[ABOUT THIS EXERCISE]
Once the line containing "Комплект туристичний стіл" is found in the data below, repeat it and every later line exactly, leaving the pictures out.

[GIVEN DATA]
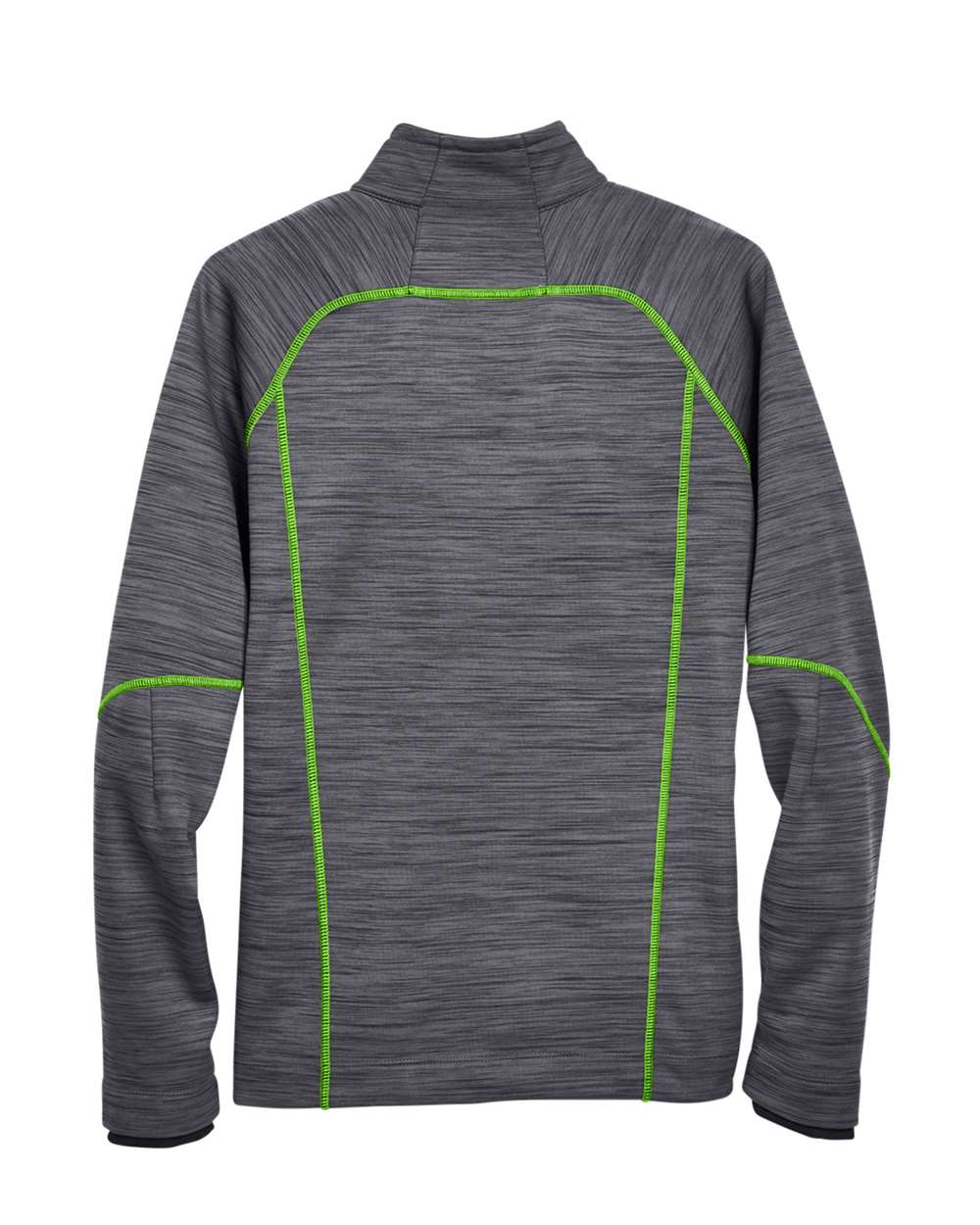 Men's Flux Mélange Bonded Fleece Jacket - Back - B269D3593 - Carbon/ Acid Green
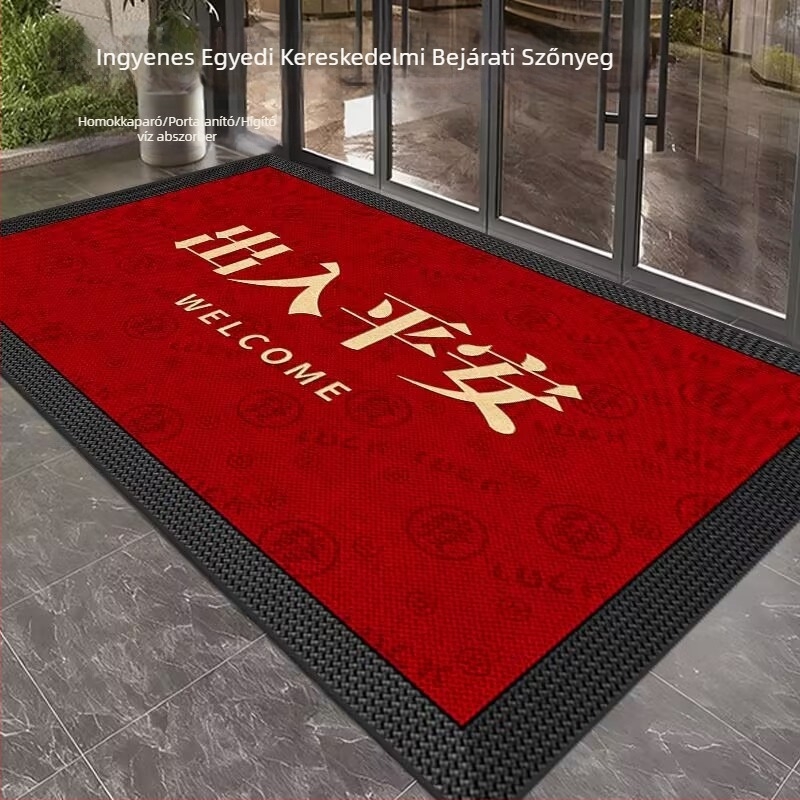 Bejárati ajtó szőnyeg – poliészter rostból, digitális nyomtatás, téglalap alakú, minta rács és betűk, mosható; alkalmas nappalira és hálószobára; modern kínai stílus.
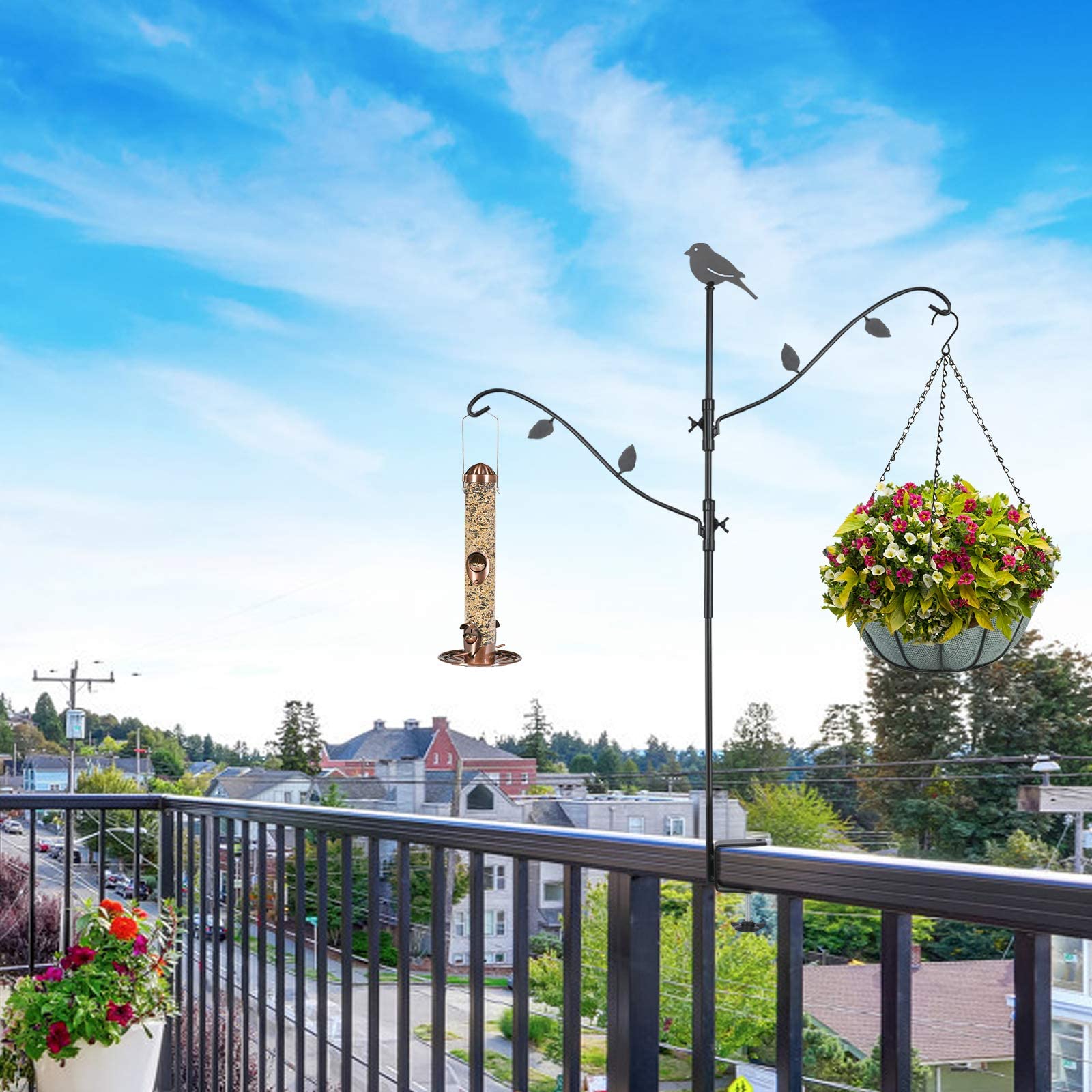 FEED GARDEN Deck Bird Feeder Pole, 42 Inches, Multiple Hooks, Adjustable, Detachable, Heavy Duty Steel, Stable, Black, Bird Feeder Porch for Deck Kit for Outside Bird Feeder and Plant Hangers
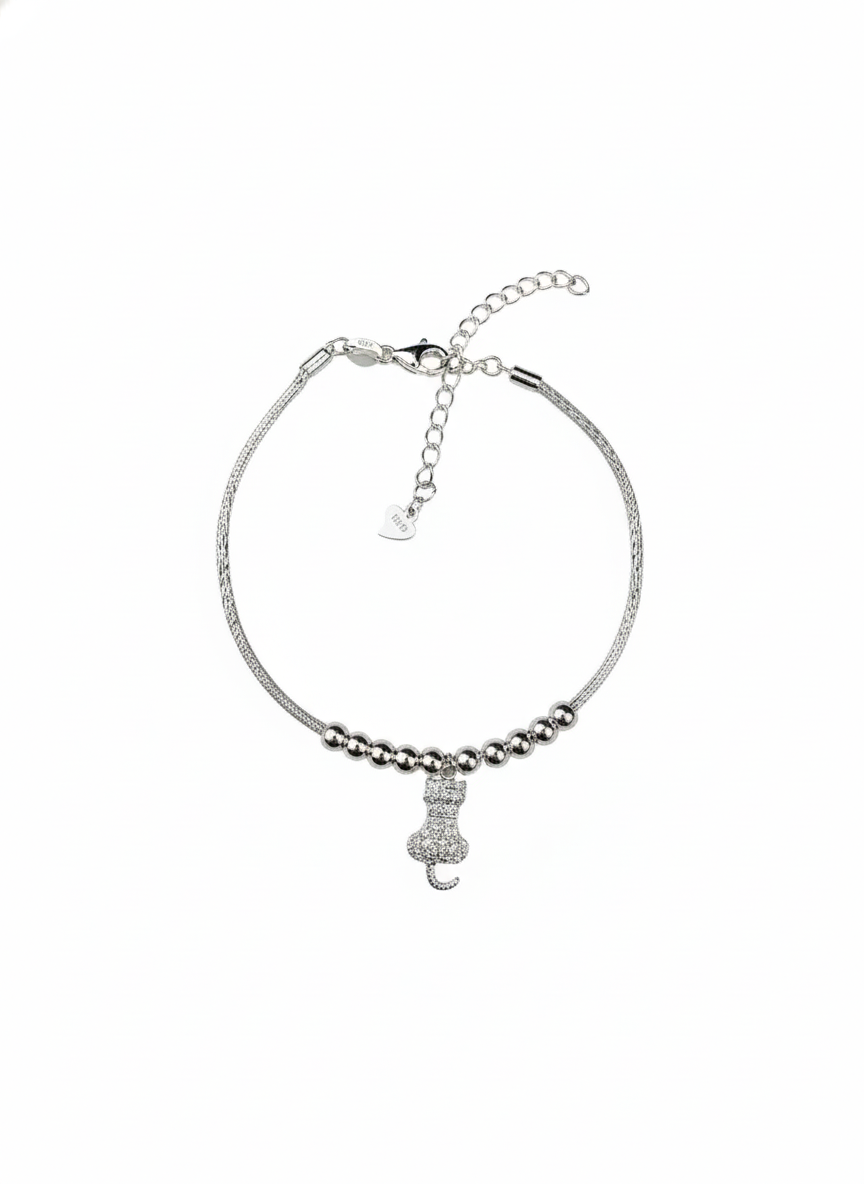 Pulsera de Plata .925 con Dije de Gato y Circonias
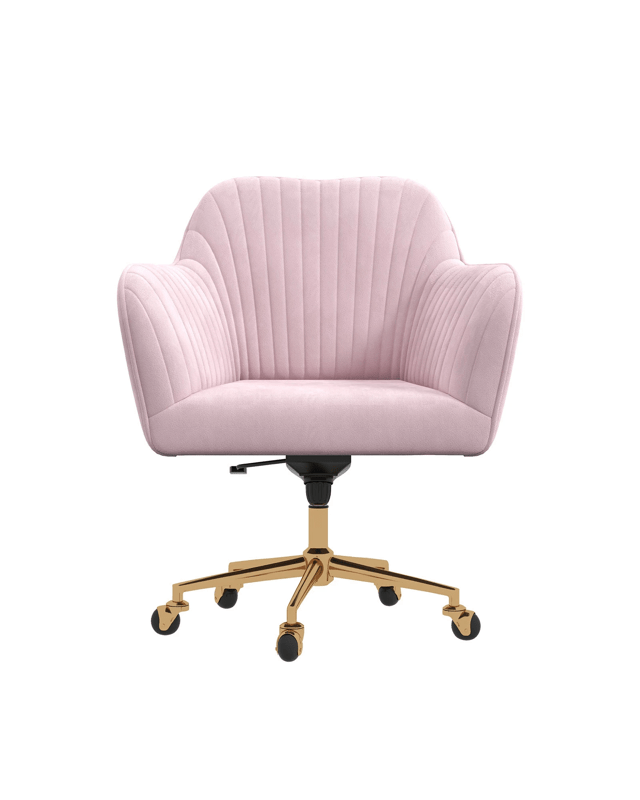 Casa Decor Arles Velvet Office Chair Mid Back Swivel Height Adjustable - Pink - 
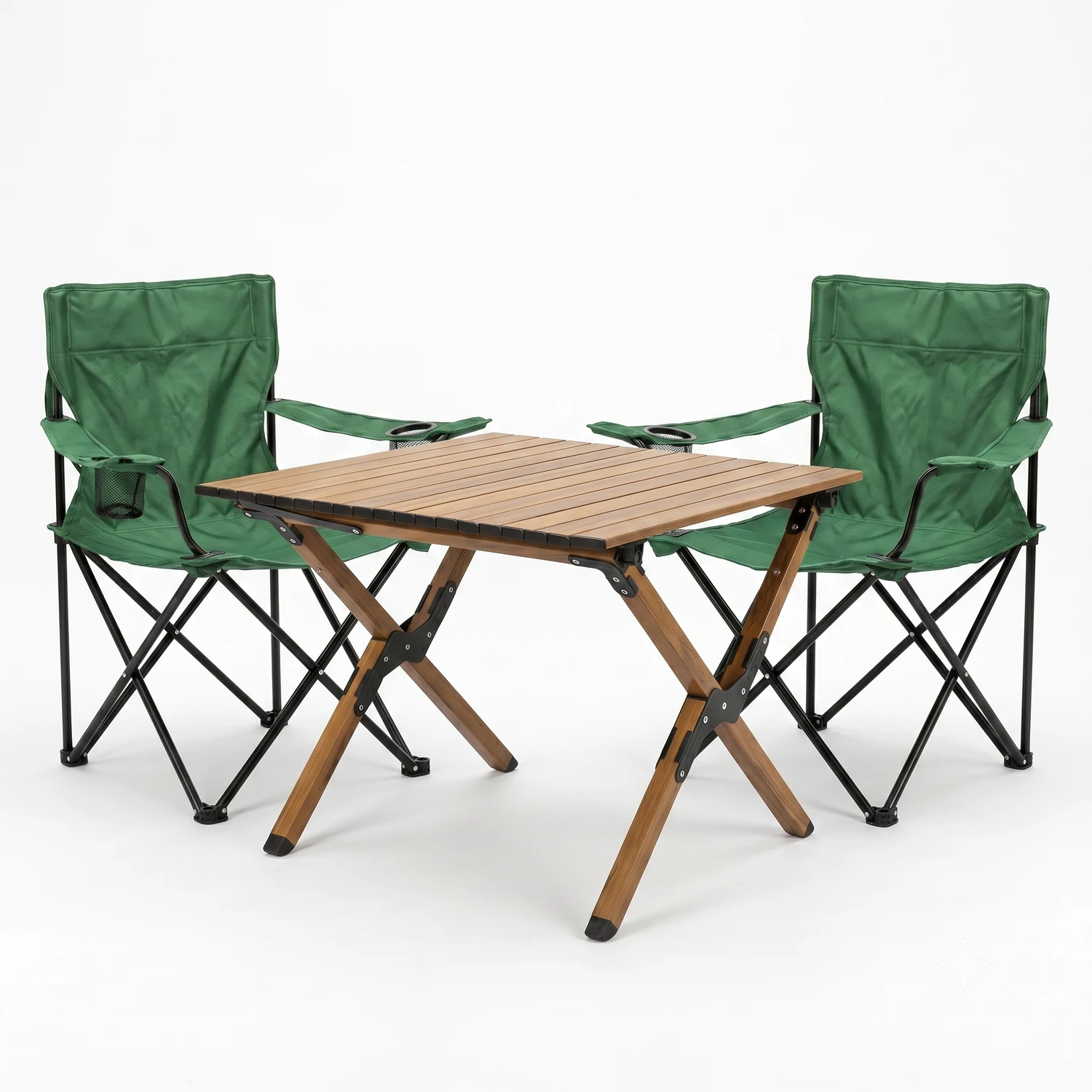 Комплект туристичний стіл LEOBRO Camp M 59х59х38 см алюміній зелений 2 крісла Lite Green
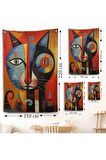Pablo Picasso Tarzı - Soyut Renkli Kedi Duvar Örtüsü-7371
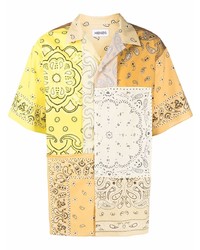Chemise à manches courtes imprimée cachemire jaune Kenzo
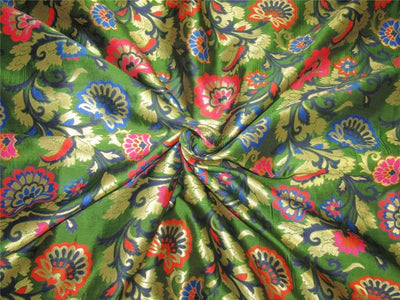 Brocade fabric redish orange ,blue ,green and metal gold color 44&quot;wide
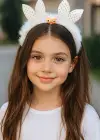 Beyaz Renk Baykuş Figürlü Peluş Taç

[REPLY]
 Комплект туристичний стіл LEOBRO Camp M 59х59х38 см алюміній зелений 2 крісла Lite Green
Pablo Picasso Tarzı - Soyut Renkli Kedi Duvar Örtüsü-7371
Chemise à manches courtes imprimée cachemire jaune Kenzo
 Brocade fabric redish orange ,blue ,green and metal gold color 44&quot;wide
 Beyaz Renk Baykuş Figürlü Peluş Taç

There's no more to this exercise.